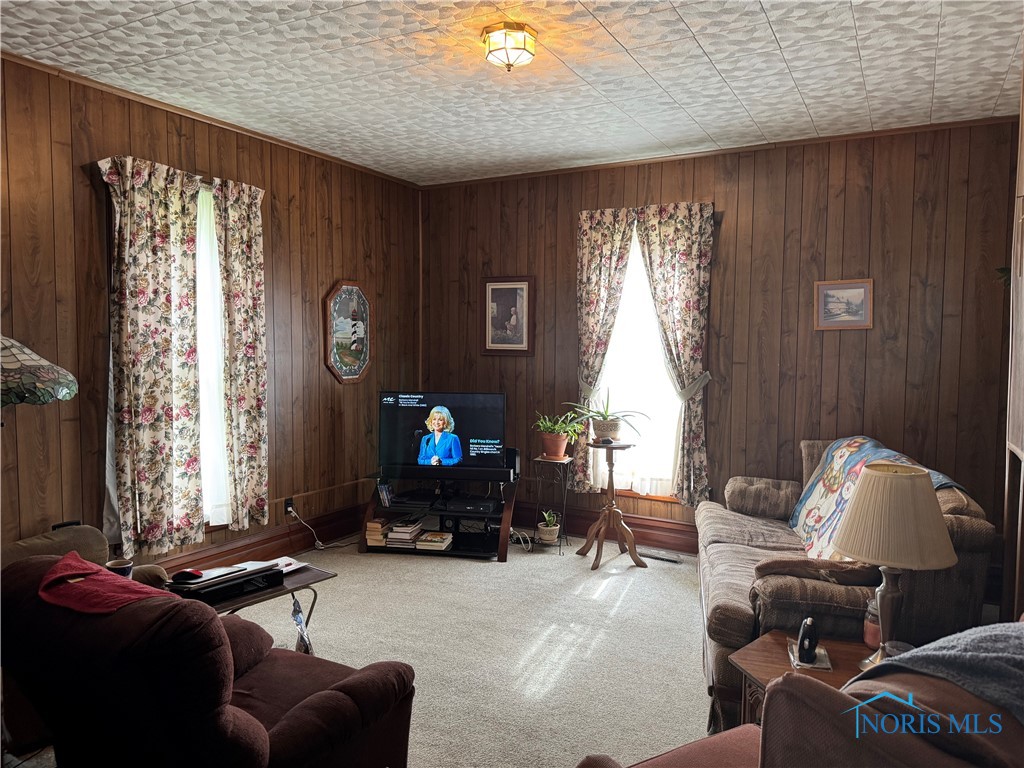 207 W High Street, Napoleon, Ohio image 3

==

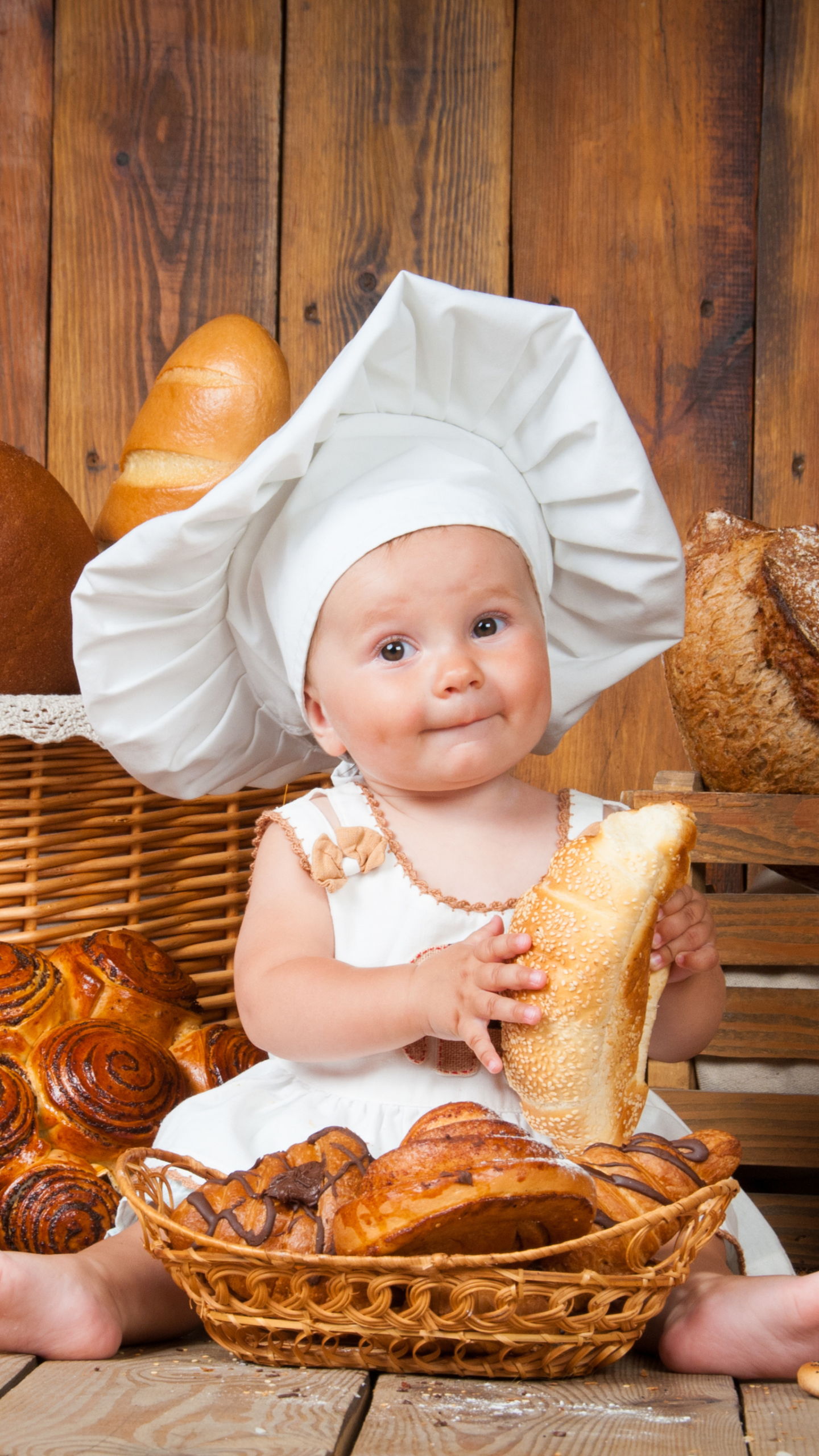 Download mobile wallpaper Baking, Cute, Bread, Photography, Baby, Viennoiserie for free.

...

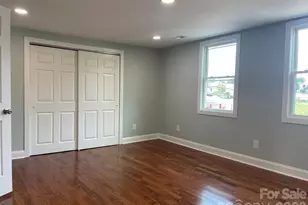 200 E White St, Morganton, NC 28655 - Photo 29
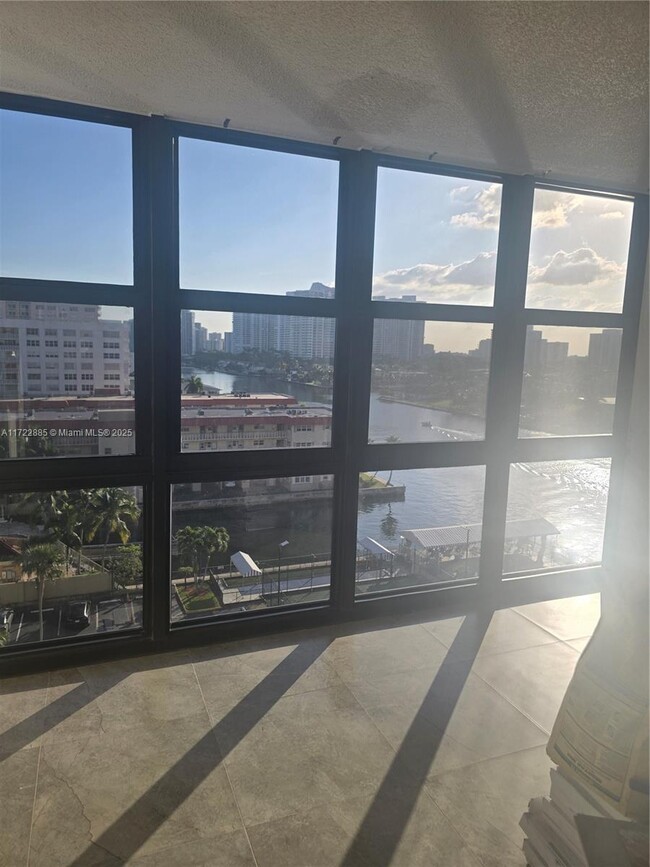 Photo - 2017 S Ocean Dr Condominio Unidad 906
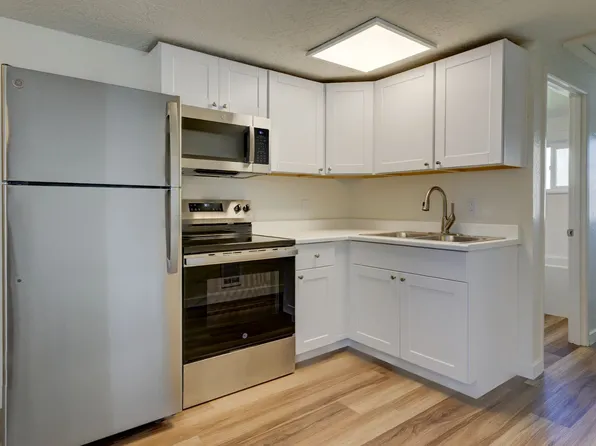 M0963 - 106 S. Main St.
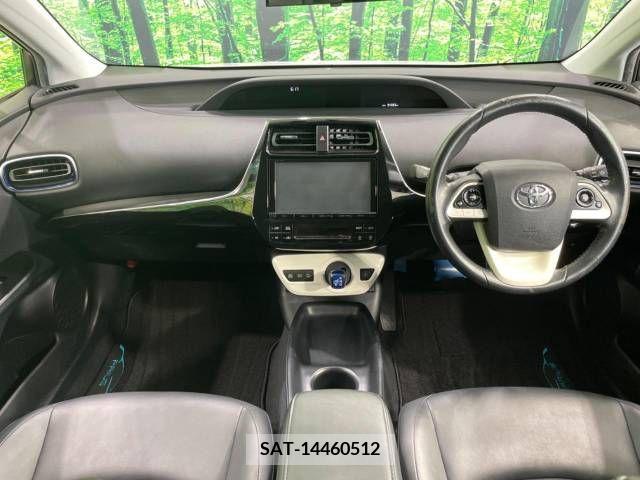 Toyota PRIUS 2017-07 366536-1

# [THE TASK]
Return exactly the stretch above whose first line contains "Photo - 2017" and whose last line contains "Toyota PRIUS 2017-07 366536-1", and nothing outside it. The pictures should not appear.

# [EXPECTED OUTPUT]
 Photo - 2017 S Ocean Dr Condominio Unidad 906
 M0963 - 106 S. Main St.
 Toyota PRIUS 2017-07 366536-1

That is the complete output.